Das Ricardo-Urteil ist eine Entscheidung des deutschen Bundesgerichtshofs (BGH, Urteil vom 7. November 2001 – VIII ZR 13/01 = BGHZ 149, 129 ff.), in welchem sich der BGH – anders als in der Rechtsprechungsreihe Internet-Versteigerung I bis IV, in welcher es um markenrechtliche Unterlassungs- und Schadensersatzansprüche ging – zum Zustandekommen von Verträgen bei Online-Auktionen positionierte.

Sachverhalt

Die Parteien stritten darüber, ob im Juli 1999 bei einer zeitlich befristeten Auktion auf der Internet-Plattform ricardo.de ein wirksamer Kaufvertrag über einen Pkw zustande gekommen war. Der Beklagte bot ohne Angabe eines Mindestkaufpreises einen neuen VW-Passat zum Startpreis von 10 DM an und legte eine Laufzeit von fünf Tagen fest. Die Auktion endete mit einem Höchstgebot des Klägers von 26.350 DM. Der Beklagte verweigerte anschließend die Übereignung des Wagens mit der Begründung, es sei noch kein Vertrag zustande gekommen. Er sei lediglich zu einem Verkauf des Fahrzeugs zum Preis von 39.000 DM bereit. Vorsorglich focht er seine etwaige Willenserklärung wegen eines Versehens bei der Eingabe des Startpreises bzw. wegen eines Inhaltsirrtums über die Reichweite seiner Erklärung durch Einstellen des Angebots an.

Die Allgemeinen Geschäftsbedingungen (AGB) von ricardo.de schlossen die Anwendung von § 156 BGB und § 34b GewO aus und statuierten, ein Gebot auf eine laufende Auktion stelle ein verbindliches Kaufangebot dar (§ 4 Abs. 1), sofern das Gebot einen vom Anbieter optional angegebenen Mindestpreis erreiche (§ 4 Abs. 4). Zudem erkläre sich der Anbieter unter dieser Bedingung automatisch mit dem höchsten gültigen Gebot einverstanden (in § 5 Abs. 4 der AGB als „Annahme“ bezeichnet).

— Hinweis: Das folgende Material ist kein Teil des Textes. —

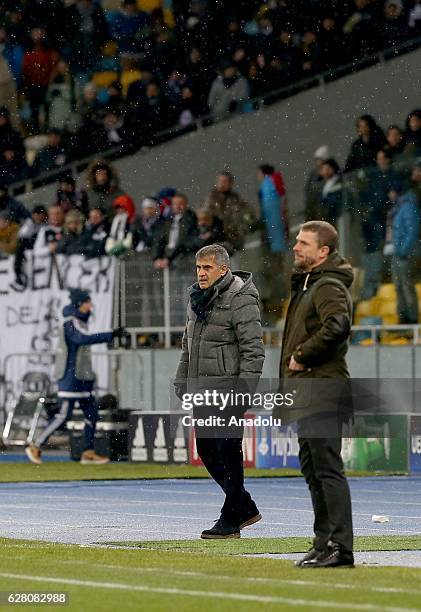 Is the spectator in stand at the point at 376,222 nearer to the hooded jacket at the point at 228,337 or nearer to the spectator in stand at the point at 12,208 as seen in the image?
the spectator in stand at the point at 12,208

Mit der Klage begehrte der Bieter die Verurteilung des Beklagten zur Übereignung und Übergabe des PKW Zug-um-Zug gegen Zahlung von 26.250 DM.

Entscheidung

Während das Landgericht Münster davon ausgegangen war, dass das Einstellen des Wagens in der Online-Auktion durch den Beklagten lediglich als invitatio ad offerendum und nicht als verbindliche Willenserklärung zu qualifizieren sei und die Klage abwies,[1] entschied das Oberlandesgericht Hamm, in dem Einstellen sei ein bindendes Angebot für die Laufzeit der Auktion gegenüber dem eingehenden Höchstgebot zu erblicken und gab der Klage statt.[2][3] Der Bundesgerichtshof bestätigte die Ansicht des OLG Hamm und entschied, dass es sich bei online-„Auktionen“ der vorliegenden Art um einen sog. Verkauf gegen Höchstgebot handelt, der nach den allgemeinen Vorschriften der §§ 145 ff. BGB zustande kommt und bei welchem der Anbietende unmittelbar nach Beginn der Auktion dergestalt gebunden sei, dass ein Vertrag bei Ablauf der Laufzeit mit dem Höchstbietenden zustande komme.[4]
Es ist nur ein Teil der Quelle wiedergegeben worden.